**Work required:** Only the lines from the one with "Hello, hope everybody" through the final line below belong in the answer, copied exactly and without pictures.
[The data]
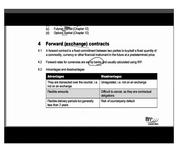Forward contracts are transacted over the counter, meaning they are bespoke products — the bank tailors the contract to exactly the currency, time period, and amount you need, even for less common currencies like South African rand. They offer flexible amounts and flexible delivery periods, though they tend to be used for commitments under two years as they become expensive beyond that. These features make them very effective for managing short-term transaction risk arising from trade.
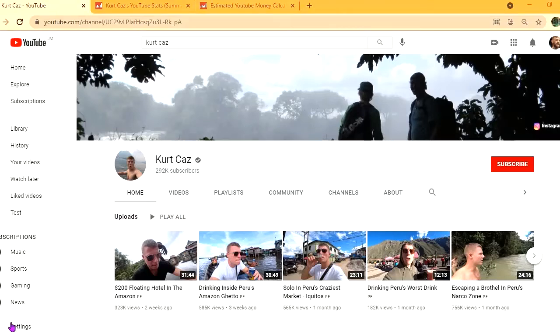Hello, hope everybody is in the best of health. In this video, we'll be estimating how much the YouTube channel Kurt Kaz makes.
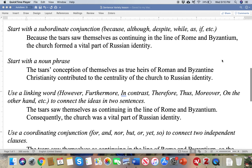We can also use a subordinate conjunction, and in English there are many — dozens if not hundreds. Some of the main ones are: because, although, despite, while, as, if — but you can probably think of many more. Here we start with the common word 'because': 'Because the Tsars saw themselves as continuing in the line of Roman Byzantium, the church formed a vital part of Russian identity.'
[/The data]
**Task solution:**
Hello, hope everybody is in the best of health. In this video, we'll be estimating how much the YouTube channel Kurt Kaz makes.
We can also use a subordinate conjunction, and in English there are many — dozens if not hundreds. Some of the main ones are: because, although, despite, while, as, if — but you can probably think of many more. Here we start with the common word 'because': 'Because the Tsars saw themselves as continuing in the line of Roman Byzantium, the church formed a vital part of Russian identity.'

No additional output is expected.